The EU-U.S. Free Trade Deal, in Plain English


Last week I wrote about the upcoming talks about a United States/European Union Free Trade Agreement, called the Transatlantic Trade and Investment Partnership (TTIP). I want to talk about this a bit more, and this time I want to discuss it a bit more plainly and with some consideration for possible implications.

First, the talks are set to begin on Monday in Washington, D.C. This is a huge agreement, so it'll take a significant amount of time to iron out with a target completion date of late 2014. The contingent representing the European Union represents all 28 EU member states.

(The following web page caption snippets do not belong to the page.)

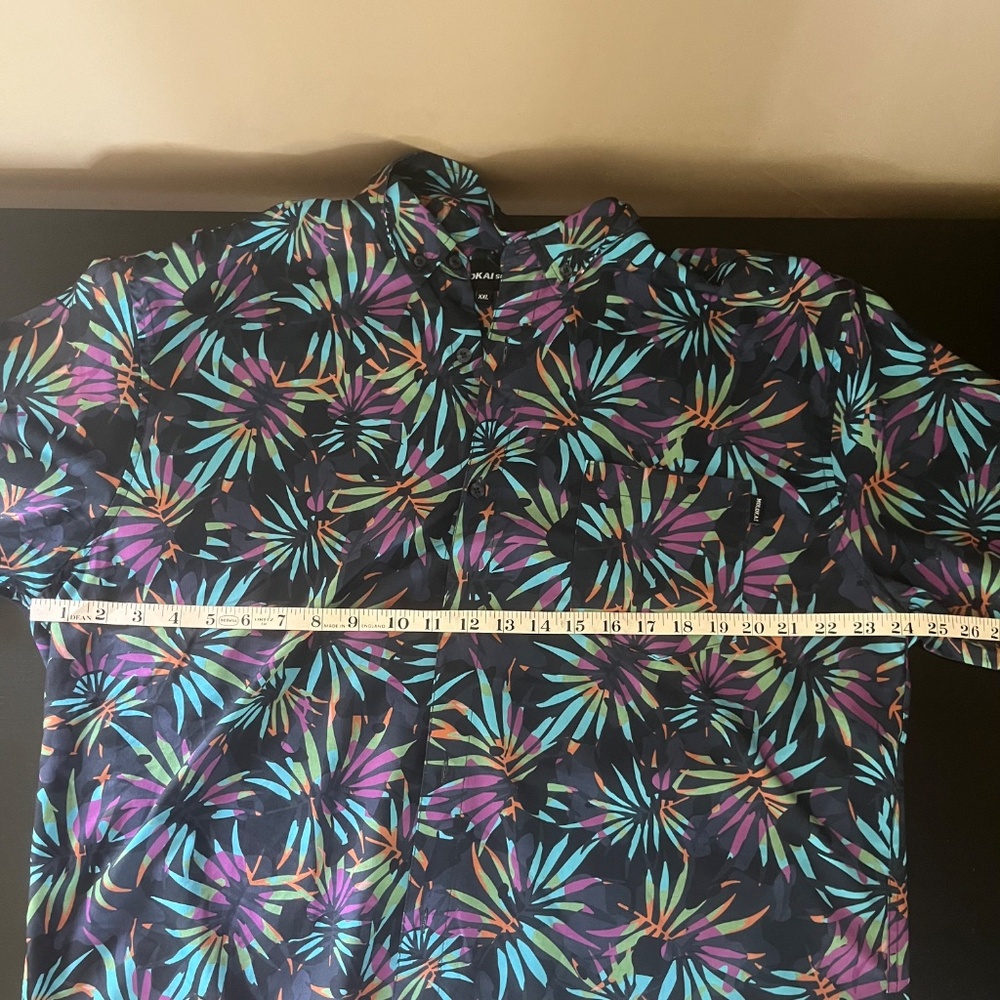 Molokai Retro Leaves Button Down Shirt Men’s Size XXL - Picture 3 of 10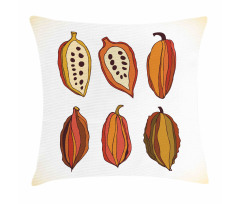 Tropical Fruit Beans Graphic Pillow Cover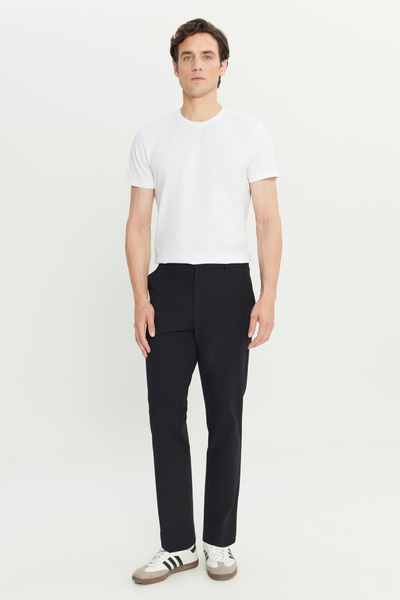 WRANGLER Pantaloni chino negri cu croială normală și talie elastică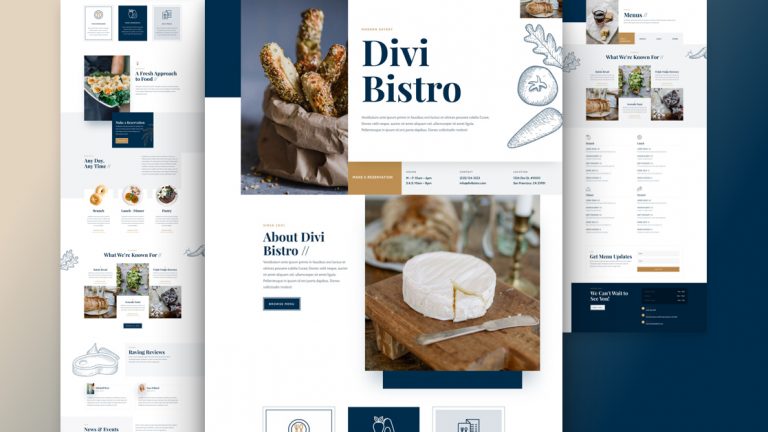 bistro layout pack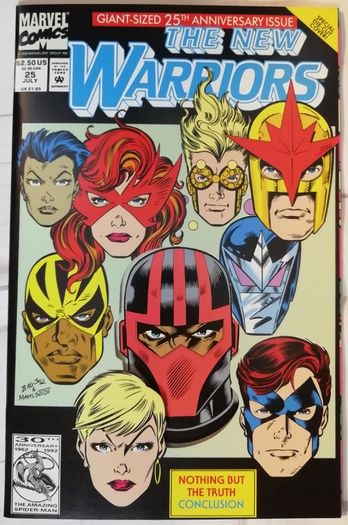 The New Warriors #'s 22-25 Nothing But The Truth Parts 1-4 (1992)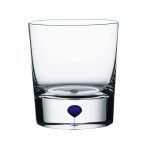 Orrefors Intermezzo Blå Old Fashioned 25 Cl - Whiskeyglas & Cognacglas Munblåst Glas Klar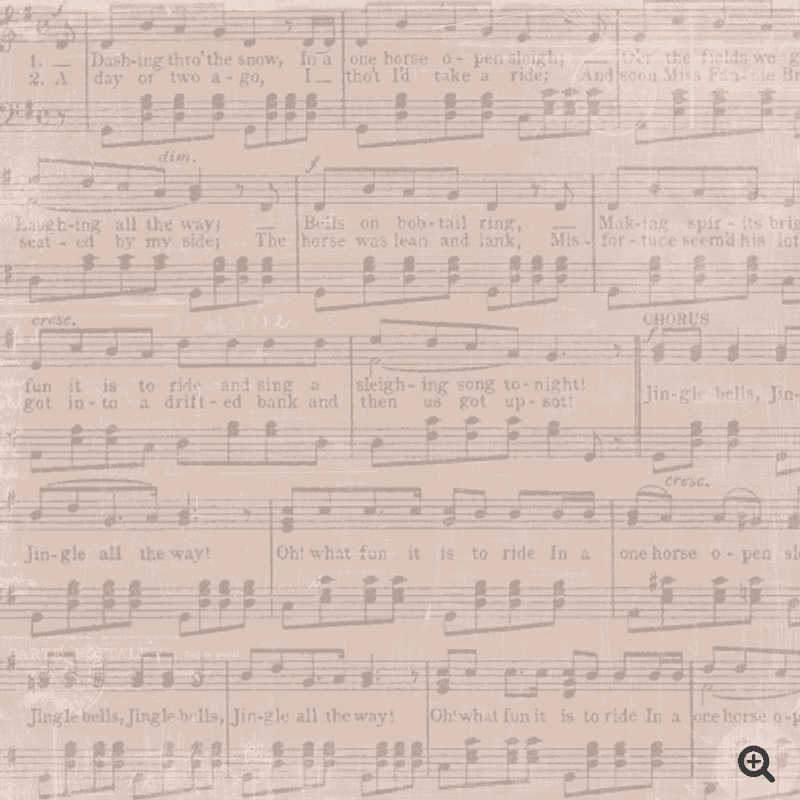 Reprint-Paperpack-Flings & Music -  blokk- 6x6 Inch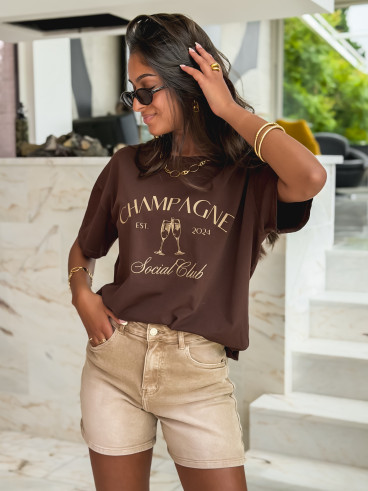 Short en jeans Horla - Beige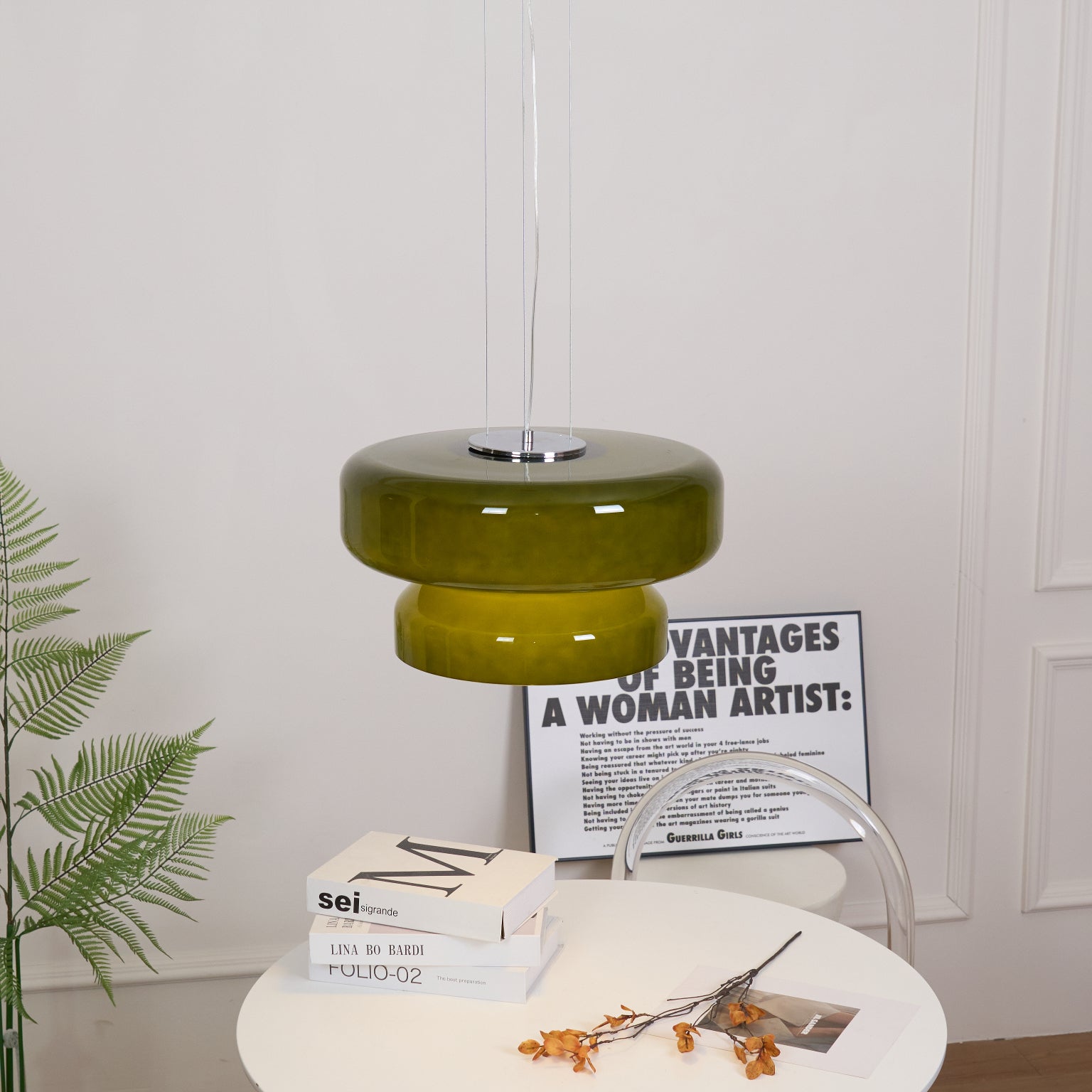 Xenuvyj Modern Minimalist Metal Glass Pendant Lamp - Lamp Copper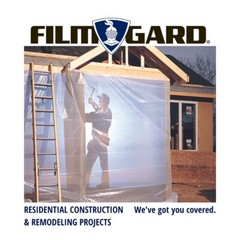 Durable Construction Plastic Sheeting – 10′ x 100′ x 4 mil – Clear – Made in USA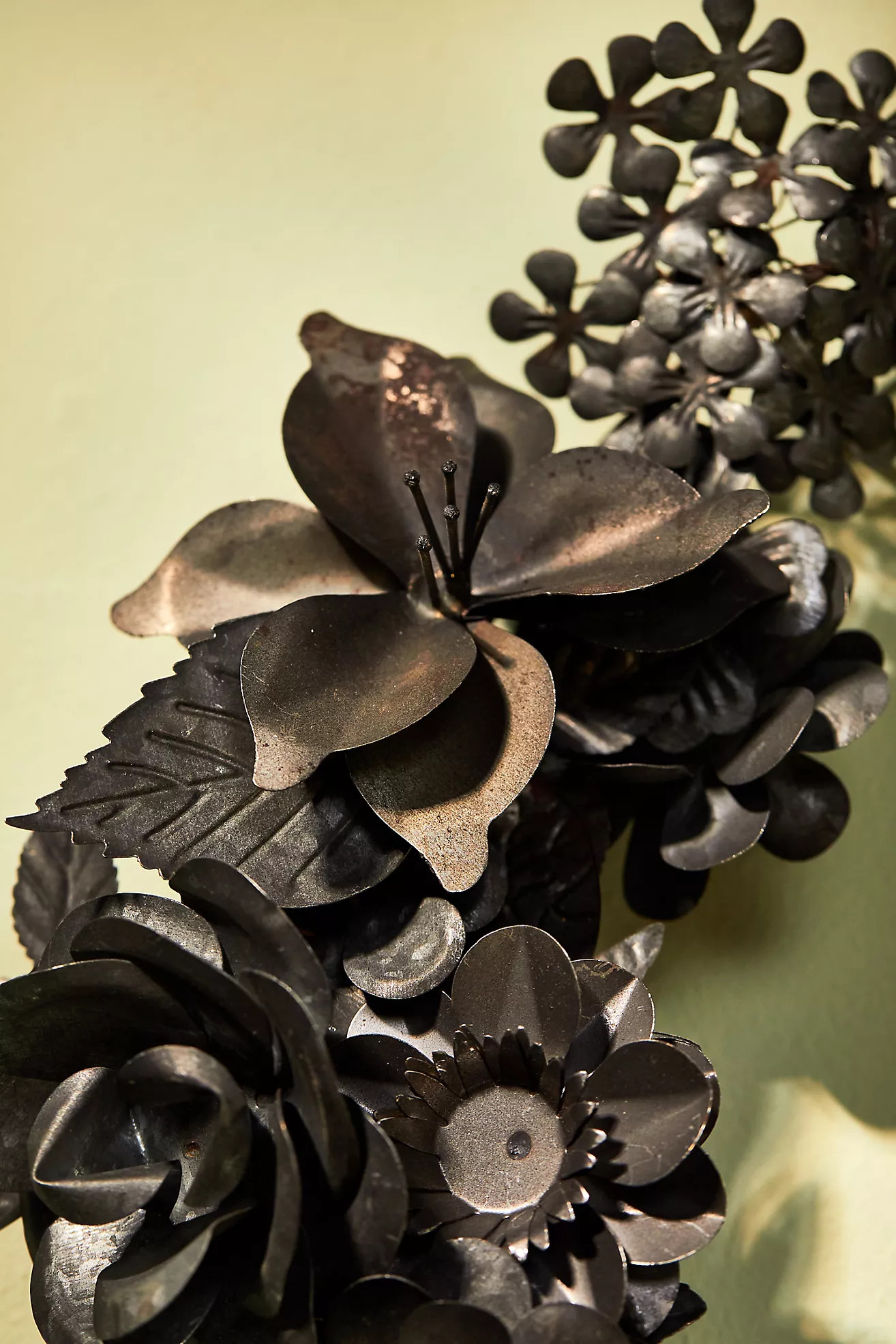 Night Flowers Iron Wreath, Full | Anthropologie (US)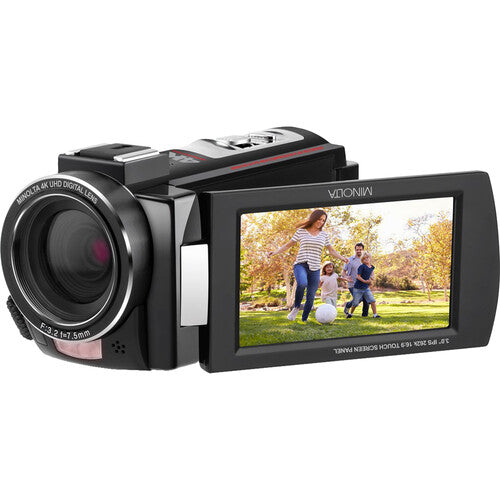 Minolta MN4K25NV Cámara UHD 4K Visión Nocturna 13MP 35' IR Negra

What could come from these discussions and a possible agreement? For one, the Centre for Economic Policy Research in London estimates that a strong and wide-reaching agreement could generate gains for the EU on the order of $123 billion, and nearly $154 billion for the United States. This money would be spread around all sectors of the economy for the United States and the EU based on demand and investment. It is also estimated that the GDP of the rest of the world could increase by $129 billion thanks to increased investment potential and greater uniformity in international trade rules and regulations. According to that same report, increased demand could lead to increases in total EU exports by 6%, and 8% in total U.S. exports. The net effect is that demand for exported goods would be increased, meaning more work needs to be performed by workers in the U.S. and the EU.

How is this accomplished? The simple and general answer is through breaking down existing tariffs and barriers to trade and investment. These include not only taxes, but also preferential treatment for certain industries and certain safety and industry standards that exist between the countries.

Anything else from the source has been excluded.